BRASÍLIA - Quando chegou ao Planalto, a turma de Fernando Henrique Cardoso pôs a palavra "gelatina" no vocabulário político do país. Servia para designar intramuros o político que não era aliado cego -poucos o são-, mas aceitava votar com o governo em troca de favores.
Valiam no jogo a liberação de verbas públicas, um cargo na Esplanada ou até mesmo moedas mais prosaicas, como encontros com autoridades. "Gelatina", coisa que cede a colheradas das mais sutis, era a variante tucana para o fisiologismo.
Na época, o PT condenava o negócio. Isso foi até Luiz Inácio Lula da Silva pisar no Planalto. Como fisiologismo continua soando como nome feio, a palavra agora é "gente boa". Essa foi a senha ouvida em reuniões no palácio para liberar verbas para projetos de interesse dos aliados.
"Gente boa" povoa o universo que garantiu a Lula o apoio necessário à aprovação das reformas no Congresso. Reformas que, no fim das contas, engordarão os cofres públicos.
O governo acha que saiu no lucro. Ainda que gente -não muito boa, segundo a classificação palaciana- como o ex-petista Chico Oliveira diga que, com essas e outras, o partido "perdeu a parada" de uma nova moralidade na política.

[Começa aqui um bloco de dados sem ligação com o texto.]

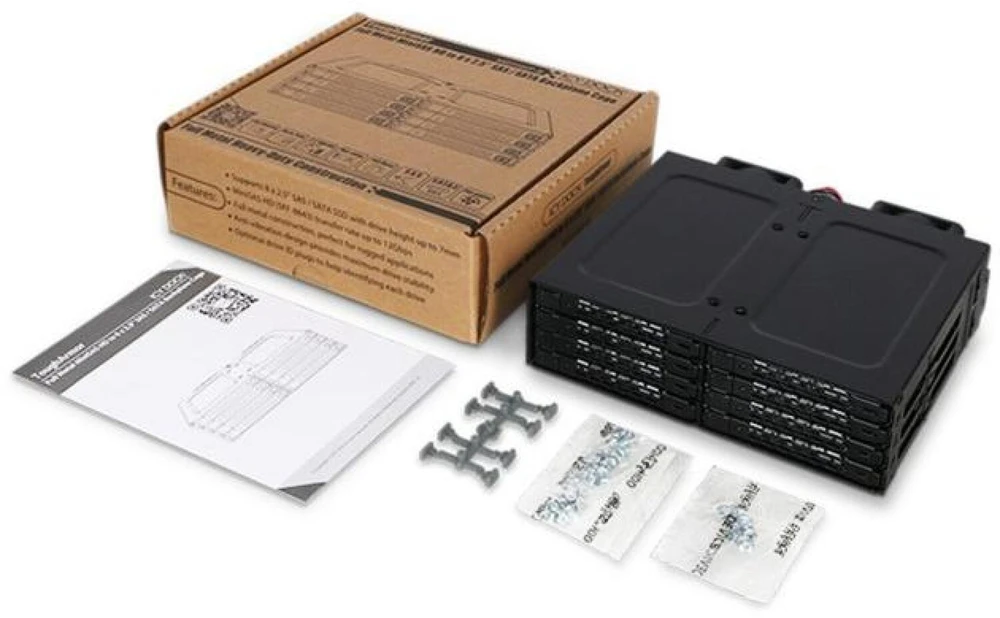 „Icy Dock“ 8 x 2,5 colio SATA / SAS – „Mini-SAS ToughArmor“ (MB998IP-B)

Mas de uma coisa o PT não pode ser acusado: de falta de discrição. Por discreto, o governo Lula atendeu até adversários. Nada ficou muito evidente fora das planilhas a que só ministros e um grupo restrito de assessores têm acesso.
Veja só o exemplo da medida provisória que aumentou de 3% para 7,6% a alíquota da Cofins, contribuição cobrada sobre o faturamento das empresas.
De forma discretíssima, entre remissões a alíneas e parágrafos de leis, o texto do governo livrou dois setores da economia: segurança privada e venda de automóveis. Por coincidência, áreas em que o líder do PMDB, Eunício Oliveira (CE), tem negócios. Eunício é "gente boa" e pode até virar ministro em breve.